REQUIRED ACTION :: Repeat only the lines below that run from the line with "would you fuck her and leave her like this ?" to the line with "Title details for", ends included; skip every picture.

DATA EXCERPTS ::

++++++

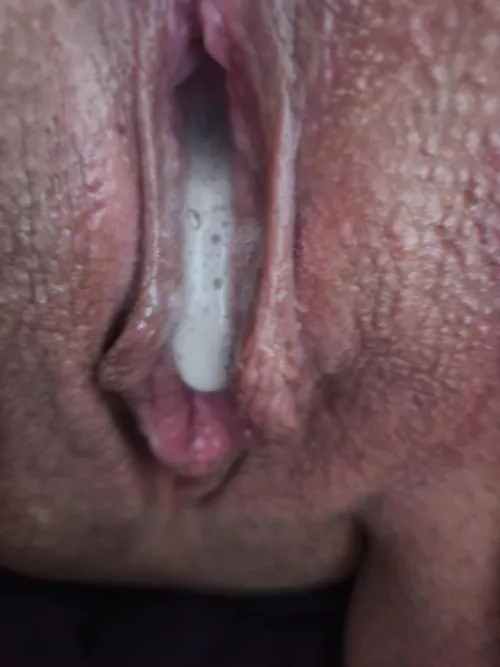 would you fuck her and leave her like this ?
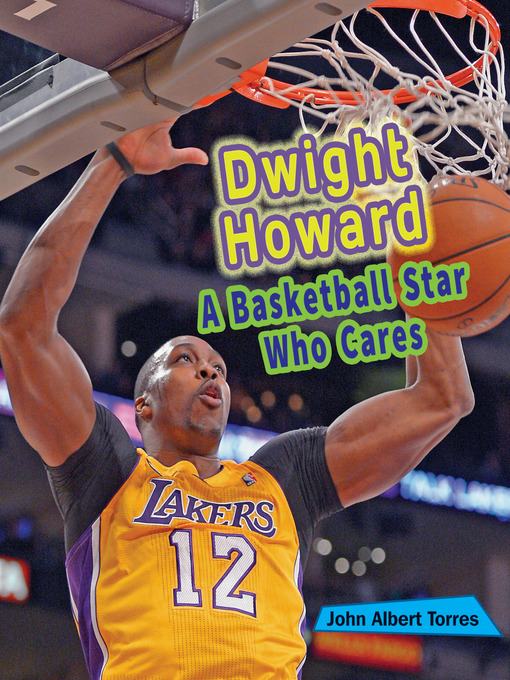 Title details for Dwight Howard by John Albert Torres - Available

++++++

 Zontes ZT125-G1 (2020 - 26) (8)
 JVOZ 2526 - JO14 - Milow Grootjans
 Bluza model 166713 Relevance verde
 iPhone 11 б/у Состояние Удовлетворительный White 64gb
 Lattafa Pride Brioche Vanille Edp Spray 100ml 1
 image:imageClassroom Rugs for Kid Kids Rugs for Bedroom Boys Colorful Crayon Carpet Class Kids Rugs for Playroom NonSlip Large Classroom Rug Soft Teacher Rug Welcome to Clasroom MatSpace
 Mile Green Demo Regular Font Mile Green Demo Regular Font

++++++

RESPONSE TO THE EXERCISE ::
 would you fuck her and leave her like this ?
 Title details for Dwight Howard by John Albert Torres - Available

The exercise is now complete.